*What is needed*: Transcribe nothing except the lines below that run from the one with "thumbnail image 4" to the one with "Ruky Kickstand Case", ends included, and do not copy any picture.

*Data records*:
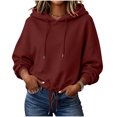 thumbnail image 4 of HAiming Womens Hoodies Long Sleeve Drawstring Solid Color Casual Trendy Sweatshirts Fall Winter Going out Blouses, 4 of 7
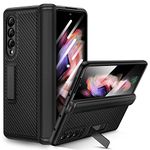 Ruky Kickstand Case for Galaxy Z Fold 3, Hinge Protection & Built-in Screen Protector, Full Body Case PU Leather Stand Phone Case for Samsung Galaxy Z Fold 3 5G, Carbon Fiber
---
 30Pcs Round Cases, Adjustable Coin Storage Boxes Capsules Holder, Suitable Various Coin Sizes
==
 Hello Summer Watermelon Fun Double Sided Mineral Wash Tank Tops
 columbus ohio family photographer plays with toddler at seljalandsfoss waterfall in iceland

*Task response*:
 thumbnail image 4 of HAiming Womens Hoodies Long Sleeve Drawstring Solid Color Casual Trendy Sweatshirts Fall Winter Going out Blouses, 4 of 7
 Ruky Kickstand Case for Galaxy Z Fold 3, Hinge Protection & Built-in Screen Protector, Full Body Case PU Leather Stand Phone Case for Samsung Galaxy Z Fold 3 5G, Carbon Fiber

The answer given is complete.